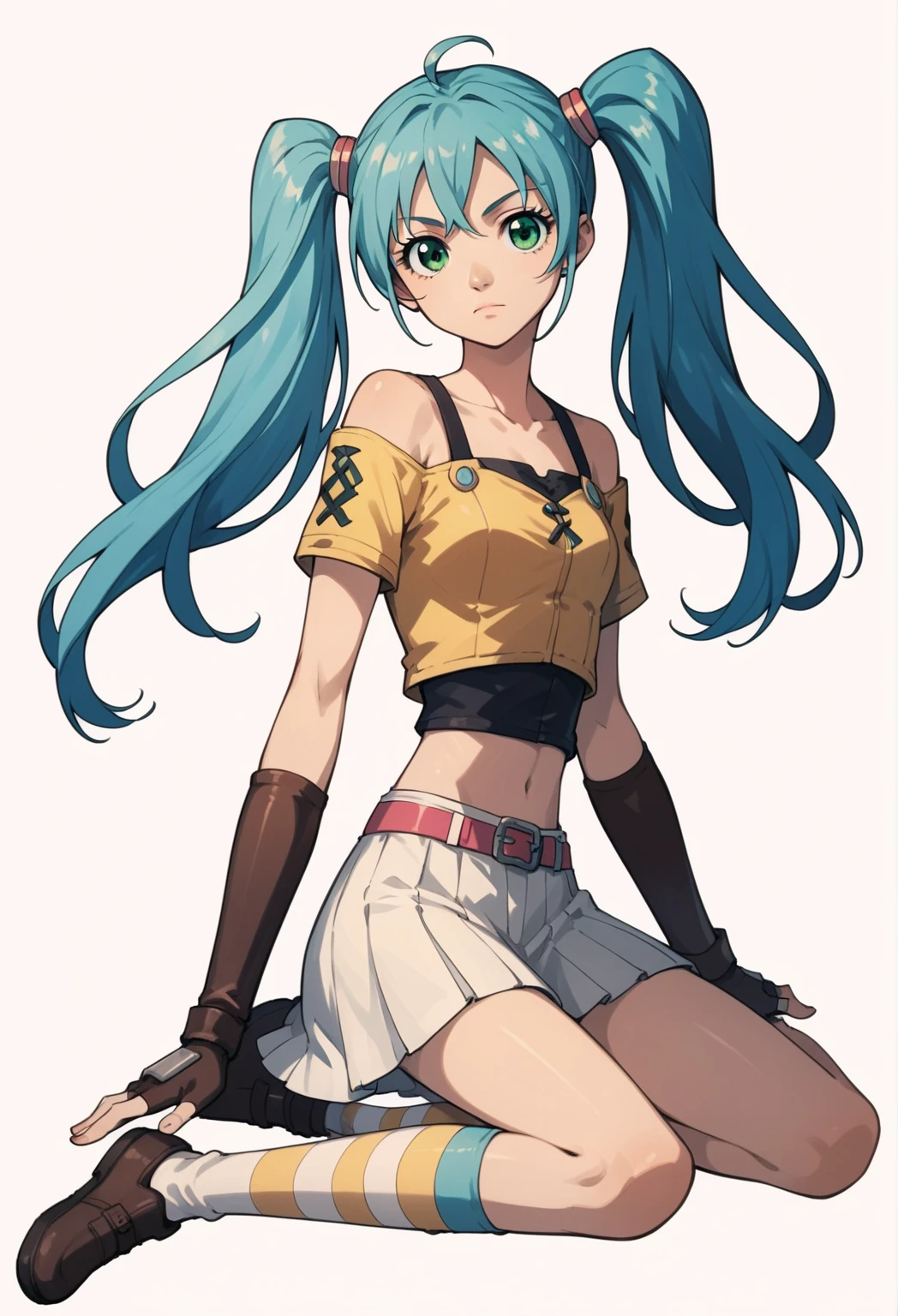 score 9, score 8 up, score 7 up,masterpiece_portrait, high quality, anime coloring, bakugan, runo misaki, 1girl, solo, twintails, gloves, fingerless gloves, striped, skirt, simple background, long hair, socks, blue hair, white background, full body, striped socks, midriff, green eyes,   green eyes,  attractive appearance, masterpiece,  blue hair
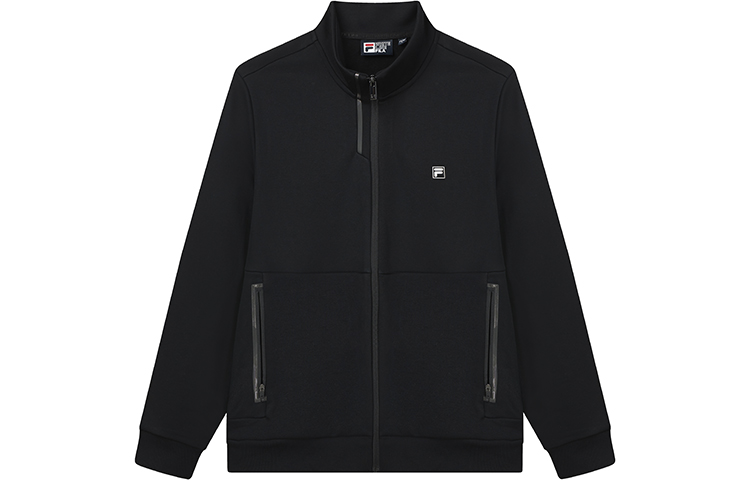 FILA Black Knit Fleece-Lined High Collar Jacket - Casual & Warm F11M147508F-BK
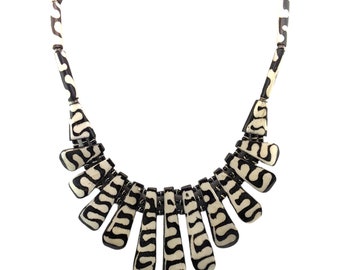 African Necklace - Mudcloth Batik Cow Bone Bib Necklace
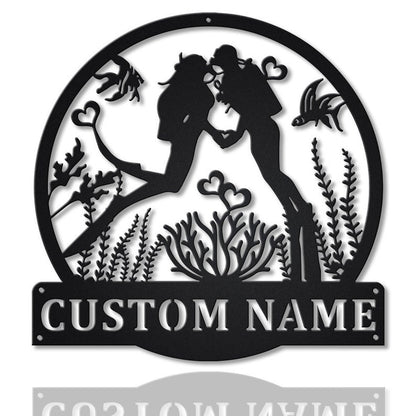 Personalized Couple Scuba Diving Monogram Metal Sign Art With LED Lights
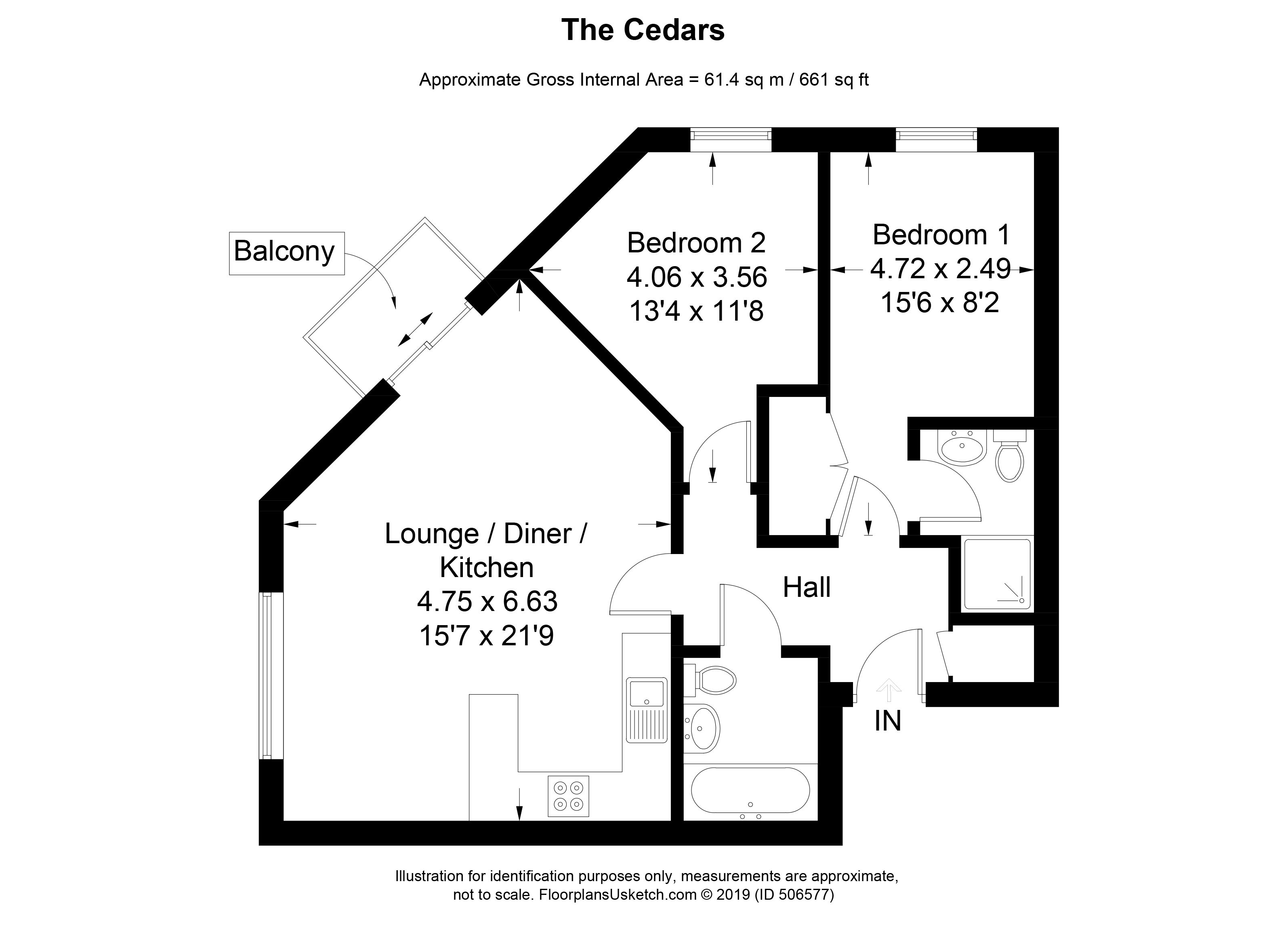 2 Bedrooms Flat for sale in The Cedars, Turnford, Herts EN10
▬▬▬▬▬▬▬▬▬▬
» **Your objective**: No picture belongs in the answer; the rest of the records must be repeated exactly.

» **Answer box**:
 score 9, score 8 up, score 7 up,masterpiece_portrait, high quality, anime coloring, bakugan, runo misaki, 1girl, solo, twintails, gloves, fingerless gloves, striped, skirt, simple background, long hair, socks, blue hair, white background, full body, striped socks, midriff, green eyes,   green eyes,  attractive appearance, masterpiece,  blue hair
 FILA Black Knit Fleece-Lined High Collar Jacket - Casual & Warm F11M147508F-BK
 African Necklace - Mudcloth Batik Cow Bone Bib Necklace
 Personalized Couple Scuba Diving Monogram Metal Sign Art With LED Lights
 2 Bedrooms Flat for sale in The Cedars, Turnford, Herts EN10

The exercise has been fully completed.